Fewer than half of UK consumers know the upload speed of their broadband connection, leading consumer watchdog Which? to call on regulators to ensure that actual broadband speeds are accurately advertised.
As part of a Give us broadband speed guaranteed campaign, Which? has asked the Committee of Advertising Practice and the Broadcasting Committee of Advertising Practice to review the guidelines on speed claims made in broadband adverts.
A survey conducted by consumer information website ISPreview.co.uk found that only 42 percent of consumers know the upload speed of their broadband service, despite 41 percent of 1,500 respondents indicating that upload performance is an important factor to them.
The survey also found that only 23 percent of consumers feel that their broadband speeds are accurately advertised.
ISPreview.co.uk noted that major broadband providers, such EE and Virgin, fail clearly to list upload speeds, which often require extensive digging through their websites to find.
BT was also noted for promoting upload speeds only for its superfast broadband, rather than for its standard copper wire, packages.
Which? said that if internet service providers (ISPs) were clearer about the actual speeds their customers will receive, as opposed to the speeds advertised, 25 percent of consumers would choose a different provider.
Which? said that 88 percent of consumers consider speed as the second most important consideration after price.

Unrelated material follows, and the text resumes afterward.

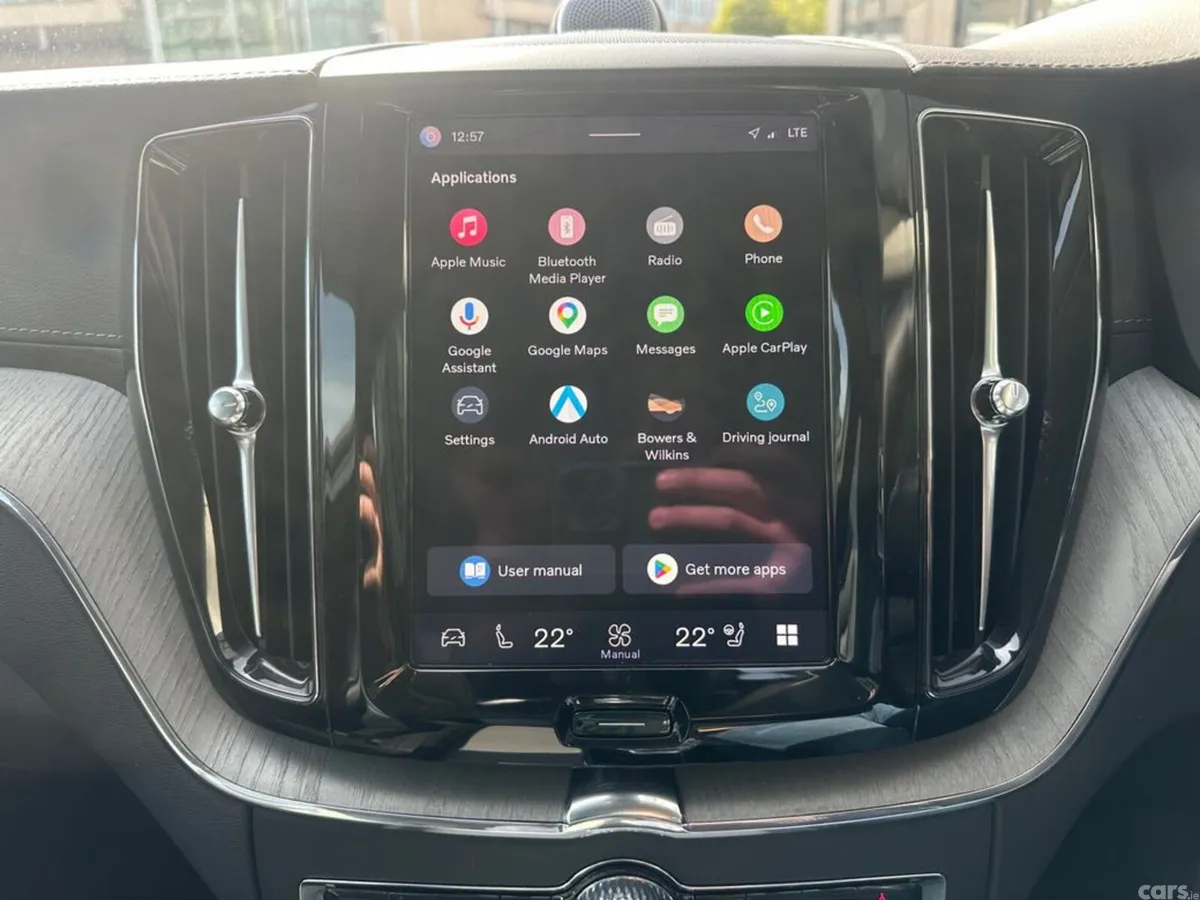 Volvo XC60 Estate, Petrol Plug-in Hybrid, 2025, Silver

Under the current regulations, the speeds advertised need to apply only to 10 percent of customers in order to adhere to advertising guidelines. Which? found that only 12 percent of consumers are aware of this rule.
Richard Lloyd, executive director at Which?, said that internet connectivity is a now an essential part of modern life, adding that it "beggars belief" that ISPs can promote speeds that only a fraction of customers will receive.

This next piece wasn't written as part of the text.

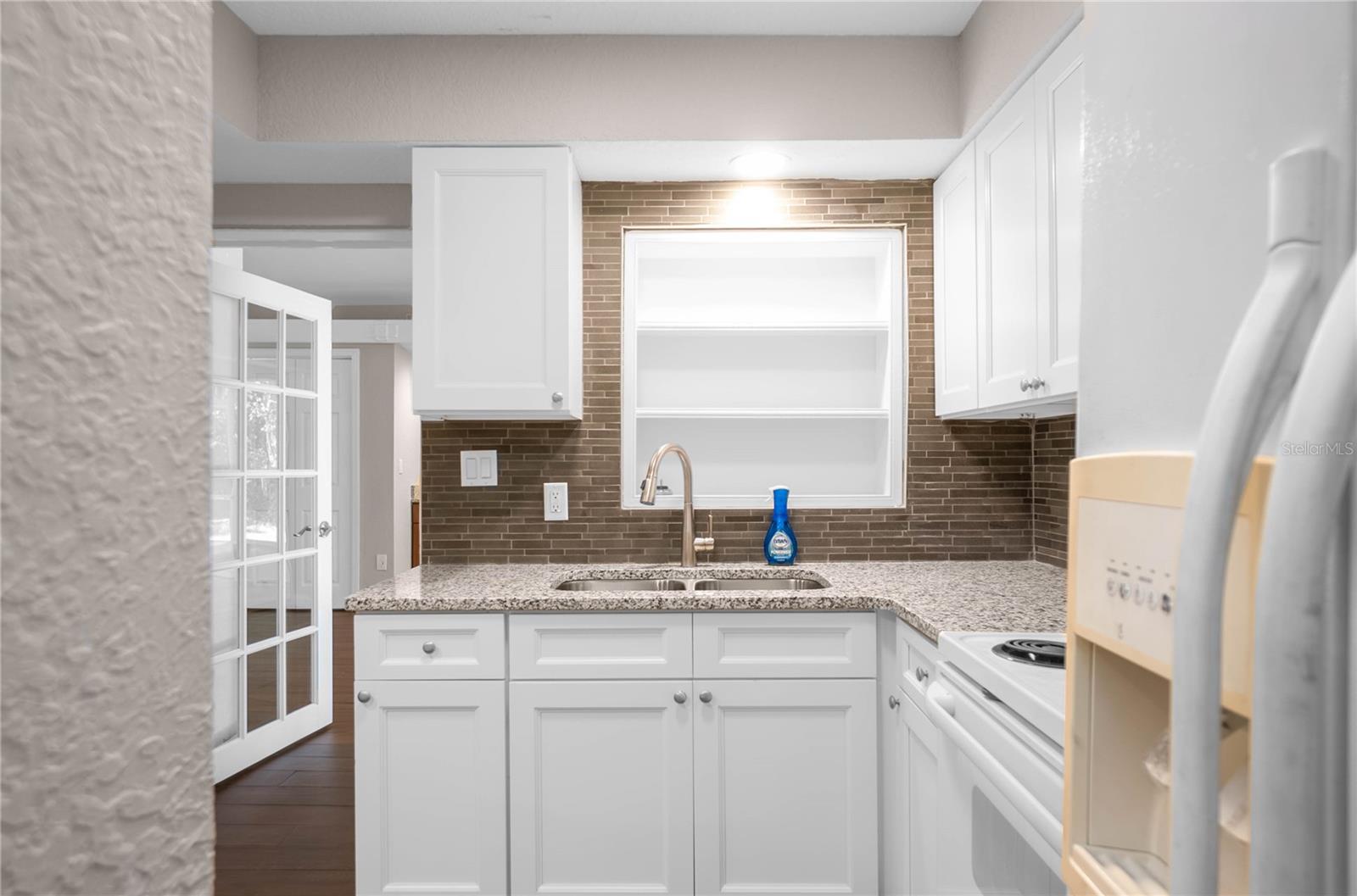 Listing photo id 11 for 1411 19th Street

"We want advertising watchdogs to pull the plug on confusing adverts and ensure broadband providers show the speeds the majority of customers will actually get," he said.
"In the meantime, companies need to be more upfront with customers about the speeds they can expect."
Which? also wants the term 'superfast' broadband to be qualified.
The issue of broadband speeds is a sore subject for people in rural areas, particularly in Wales, where residents complain that they receive the worst broadband speeds in the UK.